Ce qui distingue cette tendance actuelle, c’est le mode de financement. Contrairement à la bulle Internet de 2000, largement soutenue par l’émission d’actions, la fièvre actuelle pour les centres de données repose de plus en plus sur l’endettement, principalement via le marché du crédit privé, souvent appelé « shadow banking » ou financement bancaire de l’ombre.
Les grandes entreprises technologiques, face à des dépenses de capital qui dépassent leur capacité à générer des liquidités, se tournent vers de nouvelles sources de financement. Selon The Economist, des entreprises comme Meta négocient des prêts pouvant atteindre 30 milliards de dollars auprès de géants du crédit privé tels qu’Apollo ou Carlyle. Cependant, ce type de financement non réglementé, rentable en période de croissance, peut devenir un vecteur de risques systémiques si les actifs ne produisent pas les résultats escomptés. Ce risque s’aggrave puisque ces fonds de crédit sont aussi alimentés par des prêts bancaires traditionnels, créant un lien indirect entre le secteur bancaire conventionnel et le boom technologique.
Une récente étude de la Réserve fédérale révèle que la proportion de prêts bancaires américains à des sociétés de crédit privé est passée de 1 % en 2013 à 14 % en 2023. En cas de chute brutale du secteur des centres de données, l’exposition des banques pourrait transformer cette situation en une véritable « bombe financière ».
Les assureurs, notamment dans le domaine de l’assurance-vie, ont également accru leur exposition aux obligations d’entreprises en dessous de la note d’investissement. Une étude de la Fed de Philadelphie montre que ces positions dépassent désormais en volume le montant total des prêts hypothécaires subprime détenus par les assureurs en 2007, juste avant l’éclatement de la crise financière. Le parallèle avec AIG, le géant de l’assurance sauvé lors de la crise de 2008, est sans doute inévitable. Les régulateurs s’inquiètent de plus en plus du transfert opaque des risques du crédit privé à l’ensemble du système financier.

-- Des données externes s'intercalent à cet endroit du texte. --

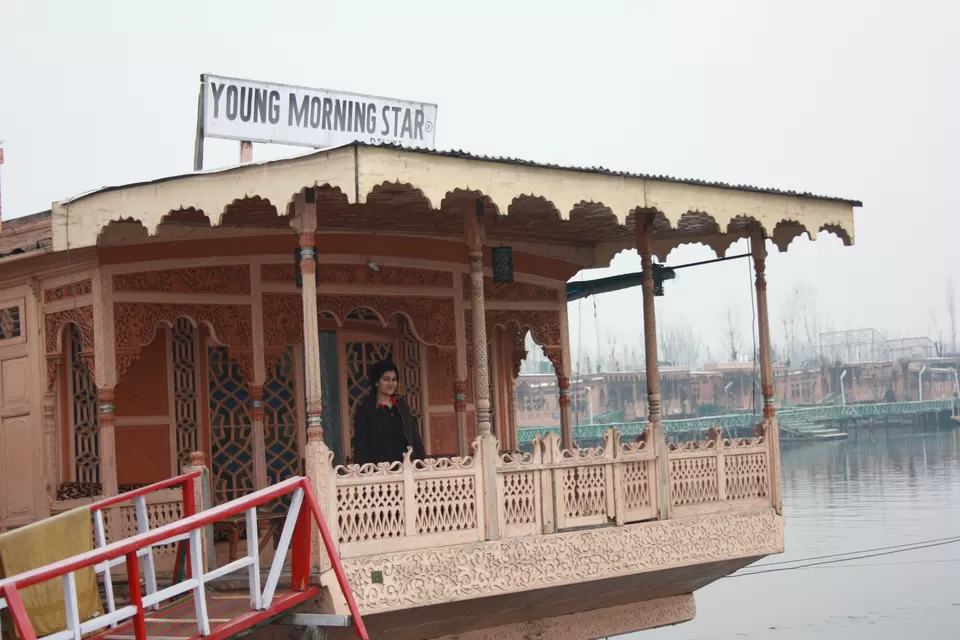 Photo of Srinagar by Ria Kumbhat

Le marché du crédit privé est décrit comme un « pont dangereux » par l’investisseur et analyste Paul Kedrosky, qui souligne que l’essor de l’IA a dépassé – en termes d’investissement relatif au PIB – les pics de la fin des années 90, notamment dans les télécommunications. La situation demeure inquiétante : aucun signe de ralentissement n’est encore visible. Comme le rappelaient des études de 2015 de Jorda, Schularick et Taylor, une bulle ne devient une crise que lorsque le crédit bancaire y est fortement associé. Cette combinaison explosive semble être à nouveau en train de se mettre en place.
La question critique tourne désormais autour de la provenance des fonds soutenant cette expansion. Si ce flux venait à se tarir, qui récupérerait alors les actifs ? La logique économique actuelle, celle du « tant que la musique joue, il faut continuer à danser », rappelle tragiquement le contexte précédant 2008. Le PDG de JPMorgan Chase, Jamie Dimon, a publiquement averti que le crédit privé pourrait constituer le « point chaud » de la prochaine crise financière, même si la banque qu’il dirige accroît elle-même ses activités dans ce secteur.
En somme, alors que les géants du numérique bâtissent des centres de données à un rythme jamais vu et que l’IA promet de transformer notre monde, une partie du système financier s’est dangereusement endettée sur cette promesse d’un futur inéluctable. Si la bulle se dégonfle, le coût ne serait pas réservé aux investisseurs de Silicon Valley, mais pourrait entraîner une crise financière mondiale.
Comme le souligne une réflexion récente, “le problème ne réside pas dans la surconstruction, mais dans la manière dont cet excès est financé. En 2025, la réponse est de plus en plus hors de portée du grand public.”